TASK TO CARRY OUT
Lines from the one with "Unisex Sweatshirt U2" through the end of the listing below are to be retyped exactly.

____

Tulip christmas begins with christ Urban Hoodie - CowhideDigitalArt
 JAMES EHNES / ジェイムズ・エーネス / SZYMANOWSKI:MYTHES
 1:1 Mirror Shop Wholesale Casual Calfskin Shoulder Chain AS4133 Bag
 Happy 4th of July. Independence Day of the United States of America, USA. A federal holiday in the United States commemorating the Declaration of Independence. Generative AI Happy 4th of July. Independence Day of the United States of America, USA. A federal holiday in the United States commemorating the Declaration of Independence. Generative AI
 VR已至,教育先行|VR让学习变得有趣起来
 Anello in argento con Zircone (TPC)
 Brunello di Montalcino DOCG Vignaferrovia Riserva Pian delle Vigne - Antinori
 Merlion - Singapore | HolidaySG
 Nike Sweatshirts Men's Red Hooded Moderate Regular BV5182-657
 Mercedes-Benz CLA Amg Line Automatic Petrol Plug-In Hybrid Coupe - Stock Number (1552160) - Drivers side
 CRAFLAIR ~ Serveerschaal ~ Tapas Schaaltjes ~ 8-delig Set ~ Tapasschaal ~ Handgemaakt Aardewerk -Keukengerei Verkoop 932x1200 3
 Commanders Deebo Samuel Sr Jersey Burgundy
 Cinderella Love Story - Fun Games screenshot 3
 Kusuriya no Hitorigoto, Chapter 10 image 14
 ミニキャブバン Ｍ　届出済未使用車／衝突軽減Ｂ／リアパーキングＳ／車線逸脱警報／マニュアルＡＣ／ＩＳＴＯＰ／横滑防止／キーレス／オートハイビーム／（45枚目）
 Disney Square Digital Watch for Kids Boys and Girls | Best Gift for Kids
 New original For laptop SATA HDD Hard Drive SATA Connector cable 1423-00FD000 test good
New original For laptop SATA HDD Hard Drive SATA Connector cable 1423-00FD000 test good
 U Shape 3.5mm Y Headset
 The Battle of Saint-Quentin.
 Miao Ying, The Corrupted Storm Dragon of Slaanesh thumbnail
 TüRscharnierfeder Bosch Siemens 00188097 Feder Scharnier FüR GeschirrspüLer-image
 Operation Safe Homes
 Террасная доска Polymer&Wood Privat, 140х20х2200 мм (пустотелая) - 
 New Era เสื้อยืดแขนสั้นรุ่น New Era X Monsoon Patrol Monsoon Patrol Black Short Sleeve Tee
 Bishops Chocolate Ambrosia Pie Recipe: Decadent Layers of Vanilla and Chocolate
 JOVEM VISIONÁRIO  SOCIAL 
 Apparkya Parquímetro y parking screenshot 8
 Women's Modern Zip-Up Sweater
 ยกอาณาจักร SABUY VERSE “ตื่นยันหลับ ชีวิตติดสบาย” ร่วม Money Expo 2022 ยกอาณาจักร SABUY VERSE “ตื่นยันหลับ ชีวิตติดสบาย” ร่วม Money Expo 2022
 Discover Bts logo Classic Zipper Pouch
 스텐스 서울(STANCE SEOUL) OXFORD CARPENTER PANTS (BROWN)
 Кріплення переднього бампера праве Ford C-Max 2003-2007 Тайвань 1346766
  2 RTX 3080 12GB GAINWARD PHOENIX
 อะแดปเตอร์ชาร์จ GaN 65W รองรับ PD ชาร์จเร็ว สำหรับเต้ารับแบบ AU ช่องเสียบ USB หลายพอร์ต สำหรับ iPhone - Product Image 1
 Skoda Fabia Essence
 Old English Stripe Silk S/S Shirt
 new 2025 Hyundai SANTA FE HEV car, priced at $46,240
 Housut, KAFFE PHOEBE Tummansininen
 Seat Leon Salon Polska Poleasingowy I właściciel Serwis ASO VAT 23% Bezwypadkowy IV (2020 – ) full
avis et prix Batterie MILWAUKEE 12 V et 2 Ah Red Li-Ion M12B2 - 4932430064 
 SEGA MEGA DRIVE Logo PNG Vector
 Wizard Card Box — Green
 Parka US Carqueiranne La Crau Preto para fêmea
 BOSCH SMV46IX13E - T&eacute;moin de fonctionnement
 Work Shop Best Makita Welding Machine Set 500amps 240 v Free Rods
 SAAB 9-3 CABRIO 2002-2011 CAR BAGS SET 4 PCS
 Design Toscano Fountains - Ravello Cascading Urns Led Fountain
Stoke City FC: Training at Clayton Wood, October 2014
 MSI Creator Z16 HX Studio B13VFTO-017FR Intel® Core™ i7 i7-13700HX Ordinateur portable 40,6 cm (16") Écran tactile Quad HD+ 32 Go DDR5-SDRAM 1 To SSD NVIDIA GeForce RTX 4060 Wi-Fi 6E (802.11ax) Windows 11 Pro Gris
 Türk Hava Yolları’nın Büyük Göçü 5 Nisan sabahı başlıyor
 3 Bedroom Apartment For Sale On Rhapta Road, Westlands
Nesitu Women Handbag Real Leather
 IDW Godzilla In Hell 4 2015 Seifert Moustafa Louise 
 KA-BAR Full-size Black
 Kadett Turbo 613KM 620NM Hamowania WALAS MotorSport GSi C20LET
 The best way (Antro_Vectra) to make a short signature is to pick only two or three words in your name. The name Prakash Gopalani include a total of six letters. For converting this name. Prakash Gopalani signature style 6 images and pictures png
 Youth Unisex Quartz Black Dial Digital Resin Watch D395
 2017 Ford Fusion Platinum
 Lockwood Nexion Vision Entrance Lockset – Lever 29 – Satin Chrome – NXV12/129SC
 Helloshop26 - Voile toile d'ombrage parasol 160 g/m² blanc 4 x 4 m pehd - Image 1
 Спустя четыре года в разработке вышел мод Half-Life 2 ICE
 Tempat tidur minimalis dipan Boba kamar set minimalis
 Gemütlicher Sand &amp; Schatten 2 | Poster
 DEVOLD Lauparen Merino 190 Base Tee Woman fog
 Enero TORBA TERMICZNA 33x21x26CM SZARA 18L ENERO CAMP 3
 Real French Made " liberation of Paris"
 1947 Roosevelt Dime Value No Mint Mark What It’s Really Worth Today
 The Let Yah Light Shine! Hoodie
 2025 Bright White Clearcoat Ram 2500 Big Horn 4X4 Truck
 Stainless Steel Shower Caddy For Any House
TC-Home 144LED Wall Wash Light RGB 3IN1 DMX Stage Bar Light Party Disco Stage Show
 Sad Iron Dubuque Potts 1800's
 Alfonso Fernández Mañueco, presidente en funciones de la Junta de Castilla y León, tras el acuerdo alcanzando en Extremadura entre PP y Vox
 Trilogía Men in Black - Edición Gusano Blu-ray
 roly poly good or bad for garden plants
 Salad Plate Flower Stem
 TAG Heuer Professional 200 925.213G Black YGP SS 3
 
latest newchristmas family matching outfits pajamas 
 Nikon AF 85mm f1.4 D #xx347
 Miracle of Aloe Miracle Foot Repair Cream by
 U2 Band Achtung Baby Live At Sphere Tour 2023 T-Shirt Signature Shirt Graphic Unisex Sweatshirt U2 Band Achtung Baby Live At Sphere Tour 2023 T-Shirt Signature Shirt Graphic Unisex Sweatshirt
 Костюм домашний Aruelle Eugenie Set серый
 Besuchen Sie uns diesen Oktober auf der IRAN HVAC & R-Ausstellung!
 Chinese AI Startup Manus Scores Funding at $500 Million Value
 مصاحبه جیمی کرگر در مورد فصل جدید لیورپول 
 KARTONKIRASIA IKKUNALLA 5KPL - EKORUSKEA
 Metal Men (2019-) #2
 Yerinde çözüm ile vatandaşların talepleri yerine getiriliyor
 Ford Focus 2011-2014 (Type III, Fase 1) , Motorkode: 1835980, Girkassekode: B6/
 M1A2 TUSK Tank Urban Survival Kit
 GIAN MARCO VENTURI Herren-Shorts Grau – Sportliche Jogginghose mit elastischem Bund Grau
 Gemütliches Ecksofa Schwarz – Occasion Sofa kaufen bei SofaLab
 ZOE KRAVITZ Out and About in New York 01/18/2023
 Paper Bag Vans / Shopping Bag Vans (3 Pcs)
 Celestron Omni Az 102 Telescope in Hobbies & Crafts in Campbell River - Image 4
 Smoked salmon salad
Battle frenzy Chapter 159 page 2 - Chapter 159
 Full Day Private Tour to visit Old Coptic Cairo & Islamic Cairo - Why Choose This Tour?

____

ANSWER FOR THIS EXERCISE
 U2 Band Achtung Baby Live At Sphere Tour 2023 T-Shirt Signature Shirt Graphic Unisex Sweatshirt U2 Band Achtung Baby Live At Sphere Tour 2023 T-Shirt Signature Shirt Graphic Unisex Sweatshirt
 Костюм домашний Aruelle Eugenie Set серый
 Besuchen Sie uns diesen Oktober auf der IRAN HVAC & R-Ausstellung!
 Chinese AI Startup Manus Scores Funding at $500 Million Value
 مصاحبه جیمی کرگر در مورد فصل جدید لیورپول 
 KARTONKIRASIA IKKUNALLA 5KPL - EKORUSKEA
 Metal Men (2019-) #2
 Yerinde çözüm ile vatandaşların talepleri yerine getiriliyor
 Ford Focus 2011-2014 (Type III, Fase 1) , Motorkode: 1835980, Girkassekode: B6/
 M1A2 TUSK Tank Urban Survival Kit
 GIAN MARCO VENTURI Herren-Shorts Grau – Sportliche Jogginghose mit elastischem Bund Grau
 Gemütliches Ecksofa Schwarz – Occasion Sofa kaufen bei SofaLab
 ZOE KRAVITZ Out and About in New York 01/18/2023
 Paper Bag Vans / Shopping Bag Vans (3 Pcs)
 Celestron Omni Az 102 Telescope in Hobbies & Crafts in Campbell River - Image 4
 Smoked salmon salad
Battle frenzy Chapter 159 page 2 - Chapter 159
 Full Day Private Tour to visit Old Coptic Cairo & Islamic Cairo - Why Choose This Tour?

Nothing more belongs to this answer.